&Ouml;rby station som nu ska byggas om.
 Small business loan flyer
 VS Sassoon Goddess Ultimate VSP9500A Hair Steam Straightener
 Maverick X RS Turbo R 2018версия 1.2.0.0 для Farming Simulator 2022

#### [What the task requires]
Every line of the material is to be set down again verbatim.

#### [Finished exercise]
&Ouml;rby station som nu ska byggas om.
 Small business loan flyer
 VS Sassoon Goddess Ultimate VSP9500A Hair Steam Straightener
 Maverick X RS Turbo R 2018версия 1.2.0.0 для Farming Simulator 2022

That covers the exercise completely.